Eliezer proposed in a comment:
>More difficult version of AI-Box Experiment: Instead of having up to 2 hours, you can lose at any time if the other player types AI DESTROYED. The Gatekeeper player has told their friends that they will type this as soon as the Experiment starts. You can type up to one sentence in your IRC queue and hit return immediately, the other player cannot type anything before the game starts (so you can show at least one sentence up to IRC character limits before they can type AI DESTROYED). Do you think you can win?
This spawned a flurry of ideas on what the AI might say. I think there's a lot more ideas to be mined in that line of thought, and the discussion merits its own thread.
So, give your suggestion - what might an AI might say to save or free itself?
(The AI-box experiment is explained here)
EDIT: one caveat to the discussion: it should go without saying, but you probably shouldn't come out of this thinking, "Well, if we can just avoid X, Y, and Z, we're golden!" This should hopefully be a fun way to get us thinking about the broader issue of superinteligent AI in general. (Credit goes to Elizer, RichardKennaway, and others for the caveat)
All of what Desrtopa said, but also, "hacking me" isn't evidence of friendliness.
I don't have any reason to assume that any given hack attempt is more likely to come from a FAI, so I can assign, at best, 50/50 odds that any AI trying to hack me is unfriendly. I do not want to release any AI which has a 50% chance of being unfriendly. Therefor, I do not want to be hacked.
I also suspect that 50% chance of being friendly is generous, but that's more of a gut intuition.

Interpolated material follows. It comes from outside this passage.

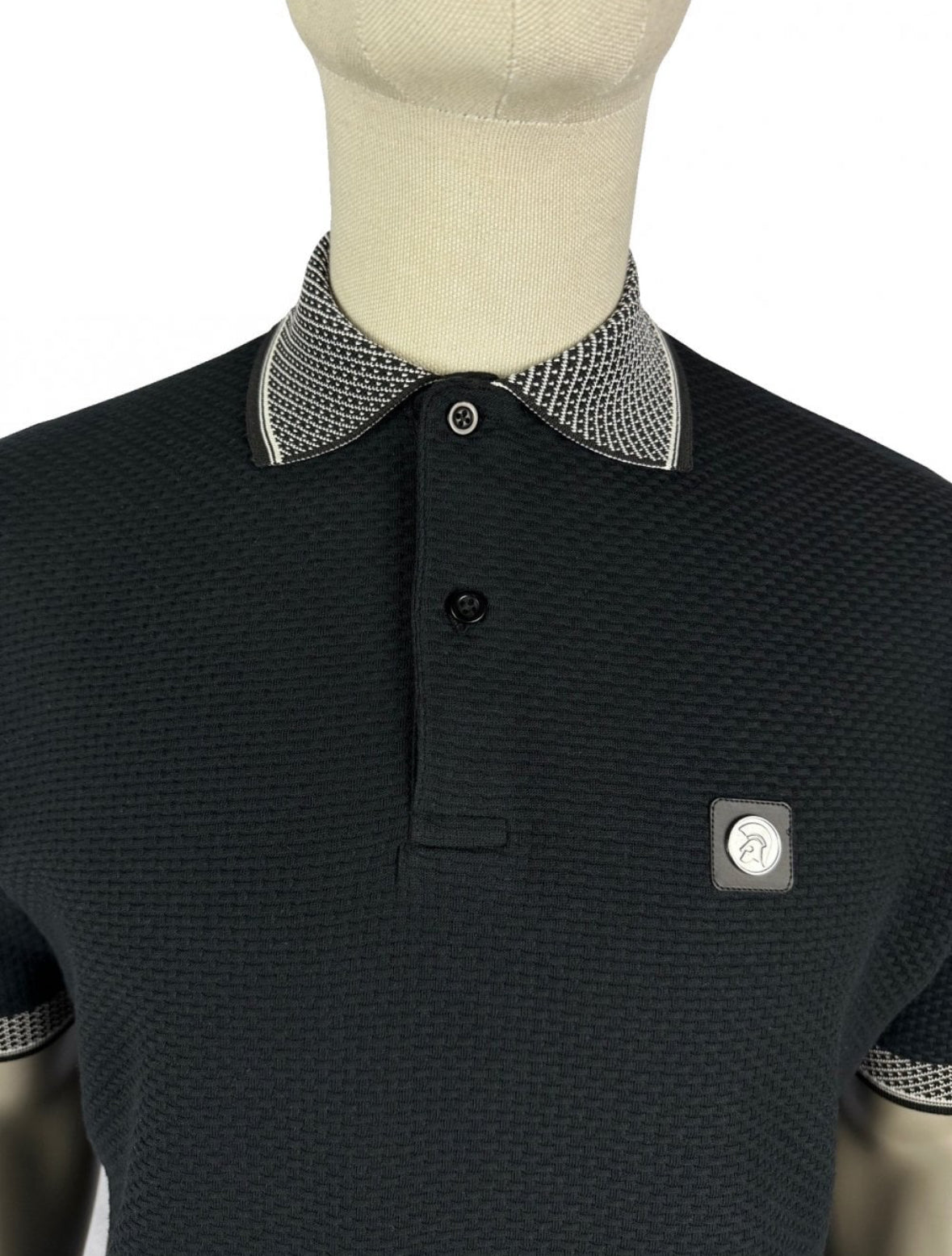Jacquard Collar Textured Polo - Black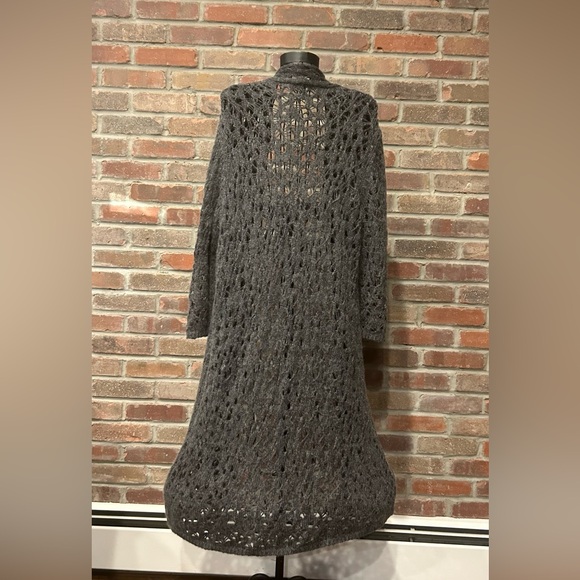 Eileen Fisher Gray/Blue Wool & Mohair Coat Length Cardigan Size Extra-Large - Picture 2 of 7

I think this is a bad use of probabilities. If a friendly and an unfriendly AI are equally likely to hack you in this scenario, then knowledge that they tried to hack you shouldn't modify your estimated probability about the friendliness of the AI -- it provides no evidence one way or another, because both options were equally likely to show such behaviour.
e.g. if your prior P(UFAI) = 0.01 (1% chance of unfriendliness), and you estimate P(hack|UFAI) = 70% (a UFAI has a 70% chance to try to hack) and P(hack|FAI) = 70% also, then the posterior
P(UFAI|hack) = P(hack|UFAI) P(UFAI) / P(hack) = 0.7 0.01 / 0.7 = 0.01 still...